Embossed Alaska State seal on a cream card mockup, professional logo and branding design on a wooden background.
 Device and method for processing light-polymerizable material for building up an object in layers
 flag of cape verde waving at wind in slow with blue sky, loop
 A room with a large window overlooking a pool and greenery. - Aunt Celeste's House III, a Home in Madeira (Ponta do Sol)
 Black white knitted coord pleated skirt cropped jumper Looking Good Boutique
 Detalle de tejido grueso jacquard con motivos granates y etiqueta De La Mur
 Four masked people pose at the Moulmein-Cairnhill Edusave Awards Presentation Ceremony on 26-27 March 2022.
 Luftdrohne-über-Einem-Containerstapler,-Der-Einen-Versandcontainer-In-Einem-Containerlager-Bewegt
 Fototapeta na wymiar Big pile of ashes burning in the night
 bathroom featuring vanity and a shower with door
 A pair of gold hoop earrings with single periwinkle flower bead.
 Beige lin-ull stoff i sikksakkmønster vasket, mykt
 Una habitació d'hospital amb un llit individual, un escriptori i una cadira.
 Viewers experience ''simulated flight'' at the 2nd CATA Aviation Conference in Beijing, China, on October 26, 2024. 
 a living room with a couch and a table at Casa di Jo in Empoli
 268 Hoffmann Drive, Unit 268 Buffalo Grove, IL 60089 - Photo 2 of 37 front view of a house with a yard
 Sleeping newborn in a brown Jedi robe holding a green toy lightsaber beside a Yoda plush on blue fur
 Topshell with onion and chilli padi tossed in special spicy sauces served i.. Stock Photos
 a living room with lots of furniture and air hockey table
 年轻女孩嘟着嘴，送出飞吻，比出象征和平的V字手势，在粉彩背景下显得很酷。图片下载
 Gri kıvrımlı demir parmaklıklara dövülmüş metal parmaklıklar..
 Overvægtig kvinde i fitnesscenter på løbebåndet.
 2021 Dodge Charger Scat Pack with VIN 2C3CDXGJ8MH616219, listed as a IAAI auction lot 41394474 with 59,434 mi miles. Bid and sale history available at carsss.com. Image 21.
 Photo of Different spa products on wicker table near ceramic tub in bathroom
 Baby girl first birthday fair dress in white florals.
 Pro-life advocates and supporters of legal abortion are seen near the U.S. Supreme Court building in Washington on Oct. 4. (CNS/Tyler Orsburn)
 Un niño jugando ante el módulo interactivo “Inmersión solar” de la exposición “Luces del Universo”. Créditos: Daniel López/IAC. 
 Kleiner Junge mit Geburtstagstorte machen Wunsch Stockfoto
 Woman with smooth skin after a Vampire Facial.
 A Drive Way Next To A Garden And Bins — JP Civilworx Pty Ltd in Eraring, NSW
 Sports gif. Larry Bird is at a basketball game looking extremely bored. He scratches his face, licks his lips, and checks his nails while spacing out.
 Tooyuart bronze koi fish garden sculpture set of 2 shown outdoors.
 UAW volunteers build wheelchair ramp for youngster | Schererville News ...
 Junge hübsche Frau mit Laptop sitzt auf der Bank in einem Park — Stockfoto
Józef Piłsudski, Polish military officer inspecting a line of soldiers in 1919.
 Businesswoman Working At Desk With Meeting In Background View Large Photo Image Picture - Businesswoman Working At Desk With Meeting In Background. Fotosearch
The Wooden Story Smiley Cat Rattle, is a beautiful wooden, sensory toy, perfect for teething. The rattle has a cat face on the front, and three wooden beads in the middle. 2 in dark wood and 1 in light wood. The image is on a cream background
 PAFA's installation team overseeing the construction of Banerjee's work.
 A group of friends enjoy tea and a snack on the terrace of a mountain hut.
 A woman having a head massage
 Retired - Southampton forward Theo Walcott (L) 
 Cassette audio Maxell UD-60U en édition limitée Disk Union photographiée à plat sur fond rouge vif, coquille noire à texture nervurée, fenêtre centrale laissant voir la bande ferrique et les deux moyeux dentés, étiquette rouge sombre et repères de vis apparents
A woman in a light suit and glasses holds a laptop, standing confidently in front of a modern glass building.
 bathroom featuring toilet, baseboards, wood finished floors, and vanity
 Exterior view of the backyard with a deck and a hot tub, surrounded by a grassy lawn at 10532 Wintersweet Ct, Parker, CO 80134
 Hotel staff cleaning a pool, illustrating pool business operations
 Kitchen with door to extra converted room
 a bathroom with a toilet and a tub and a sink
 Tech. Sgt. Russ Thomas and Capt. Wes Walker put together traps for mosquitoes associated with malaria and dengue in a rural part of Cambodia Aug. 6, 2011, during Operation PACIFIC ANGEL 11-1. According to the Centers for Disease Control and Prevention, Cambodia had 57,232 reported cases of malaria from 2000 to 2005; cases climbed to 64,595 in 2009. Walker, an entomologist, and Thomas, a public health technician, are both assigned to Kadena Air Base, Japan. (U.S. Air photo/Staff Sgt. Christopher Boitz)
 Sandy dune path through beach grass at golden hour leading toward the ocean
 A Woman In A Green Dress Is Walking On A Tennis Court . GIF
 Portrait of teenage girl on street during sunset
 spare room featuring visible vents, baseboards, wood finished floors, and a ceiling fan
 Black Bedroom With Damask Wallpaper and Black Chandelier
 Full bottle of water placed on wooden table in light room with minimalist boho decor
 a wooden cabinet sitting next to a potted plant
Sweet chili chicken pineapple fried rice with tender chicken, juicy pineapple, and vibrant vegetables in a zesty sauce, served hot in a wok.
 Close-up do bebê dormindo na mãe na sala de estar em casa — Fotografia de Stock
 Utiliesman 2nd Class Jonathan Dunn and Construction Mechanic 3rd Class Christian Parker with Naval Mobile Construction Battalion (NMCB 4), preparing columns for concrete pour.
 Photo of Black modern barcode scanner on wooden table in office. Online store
○ ○ ○ ○ ○
Required work | Restate the line containing "Black Bedroom With" and every remaining line of the records word for word. Add nothing.

The completed task |
 Black Bedroom With Damask Wallpaper and Black Chandelier
 Full bottle of water placed on wooden table in light room with minimalist boho decor
 a wooden cabinet sitting next to a potted plant
Sweet chili chicken pineapple fried rice with tender chicken, juicy pineapple, and vibrant vegetables in a zesty sauce, served hot in a wok.
 Close-up do bebê dormindo na mãe na sala de estar em casa — Fotografia de Stock
 Utiliesman 2nd Class Jonathan Dunn and Construction Mechanic 3rd Class Christian Parker with Naval Mobile Construction Battalion (NMCB 4), preparing columns for concrete pour.
 Photo of Black modern barcode scanner on wooden table in office. Online store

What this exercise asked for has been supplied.